Esodo33,18-23; 34,5-7a; Romani 8,1-9b; Giovanni 15,24-27

 

Oggi ci è difficile concepire e accettare il mistero di Dio Trinità, pur professando questa verità di fede ogni domenica nel Credo.

È bello riprendere l’esperienza di Mosè (I lettura) che non desidera soltanto udire la voce di Dio, ma vuole anche vederlo. Dio farà vedere a Mosè la propria bontà unica: sarà un passaggio fuggevole, una rivelazione momentanea del mistero. Ma nella pienezza dei tempi il Padre manda suo Figlio per liberarci dal male e ci dona il suo Spirito per abitare in ciascuno di noi (II lettura). La Trinità è dentro di noi, nel nostro essere di persone in relazione. Il Padre creatore e datore di vita, il Figlio come redentore e lo Spirito come amore. Da questa originalità specifica c’è una comunicazione così profonda che c’è comunione.

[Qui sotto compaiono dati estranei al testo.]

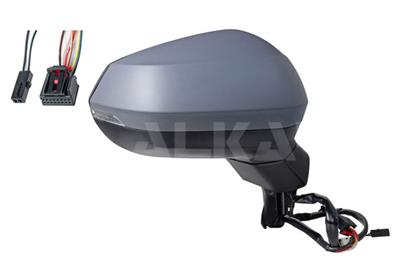 ALKAR 9046827
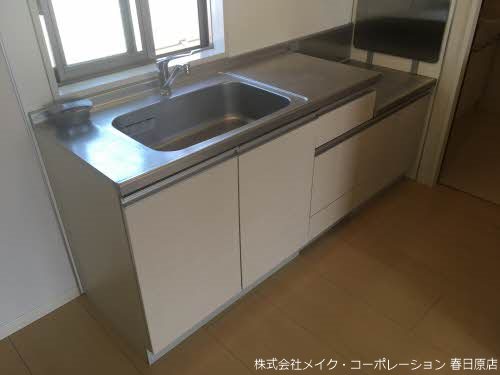 ロズィールコート その他8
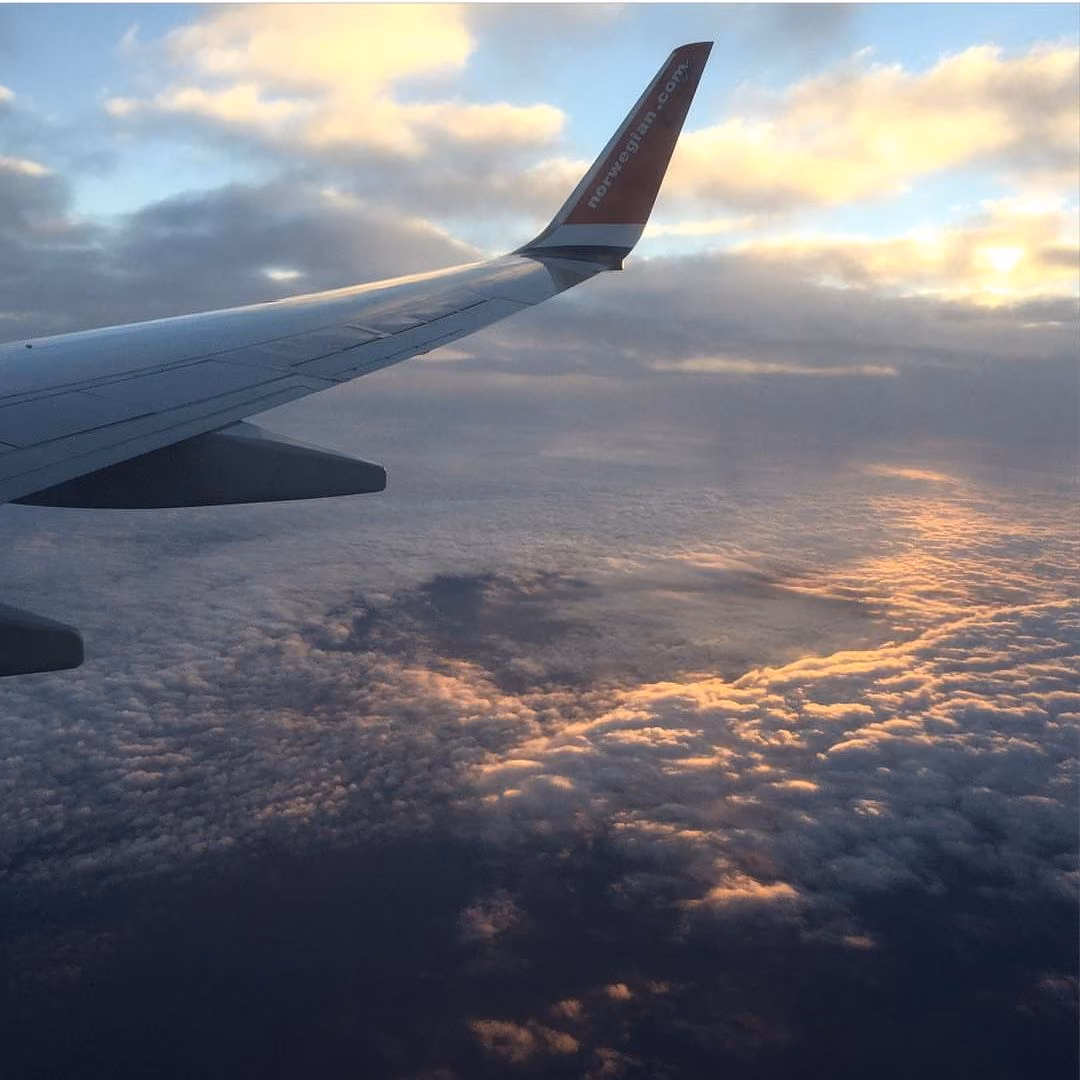 6428e9a090082a8067c3182399bc7946.avif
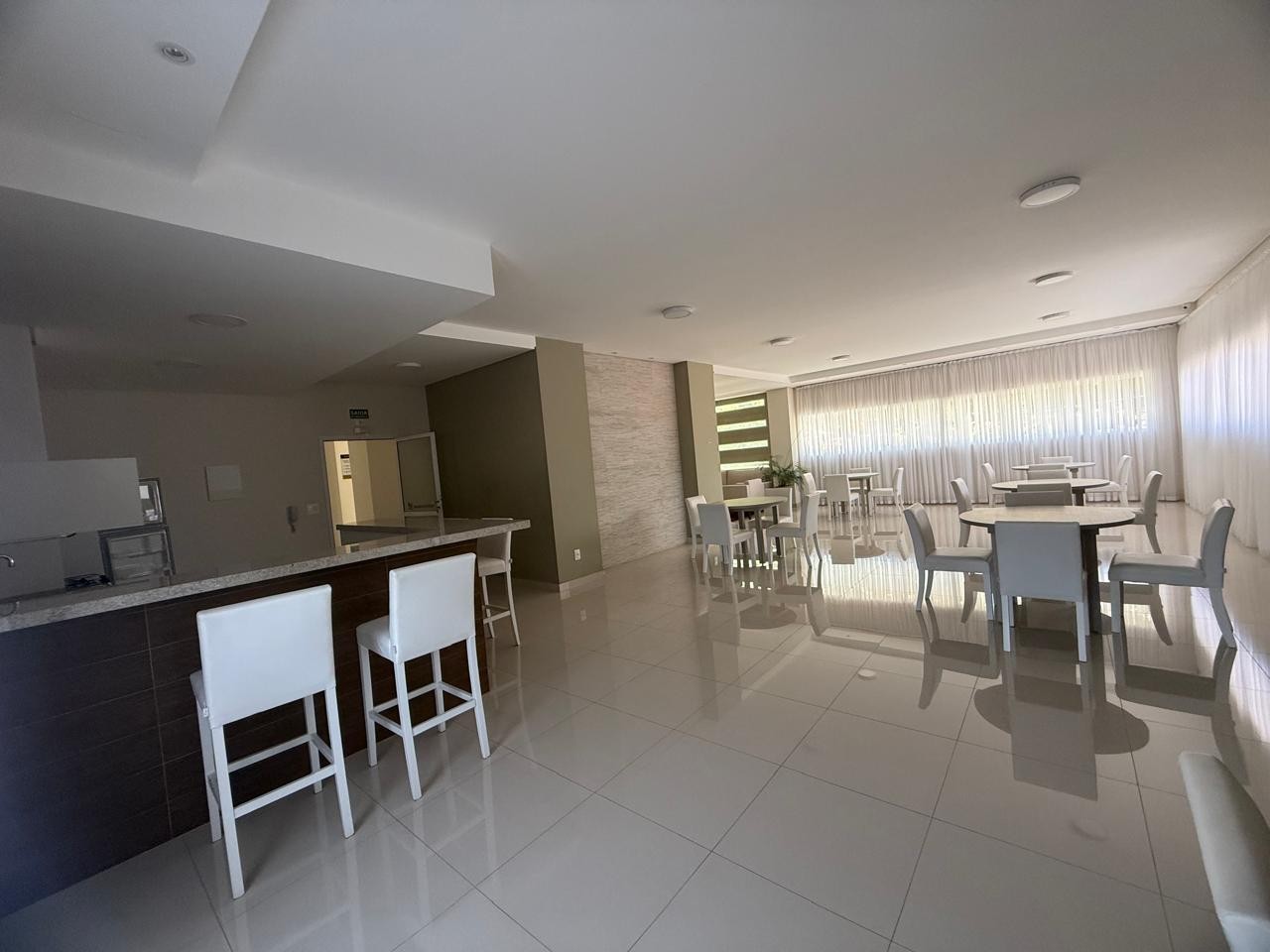 Apartamento, 2 quartos - Foto 30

Il Dio dell’amore ci chiama a vivere la diversità come il luogo dello scambio dei doni, dell’arricchimento reciproco e della comunione profonda.

Franco Cecchin, “A ciascun giorno la sua Parola - Anno B”, pp. 179 e ss., Àncora, Milano

 

Sant' Agostino di Canterbury Vescovo

m. 26 maggio 604

Abate benedettino a Roma, fu invitato da San Gregorio Magno ad evangelizzare l'Inghilterra, ricaduta nell'idolatria sotto i Sassoni. Qui fu ricevuto da Etelberto, re di Kent che aveva sposato la cattolica Berta, di origine franca. Etelberto si convertì, aiutò Agostino e gli permise di predicare in piena libertà.

Nel Natale successivo al suo arrivo in Inghilterra, più di diecimila Sassoni ricevettero il battesimo. Il Papa inviò altri missionari e nominò arcivescovo e primate d'Inghilterra Agostino, che cercò di riunire la Chiesa bretone a quella sassone senza riuscirci perché troppo forte era il rancore dei bretoni contro gli invasori sassoni. Suo merito però è stato quello di aver convertito quasi tutto il regno di Kent.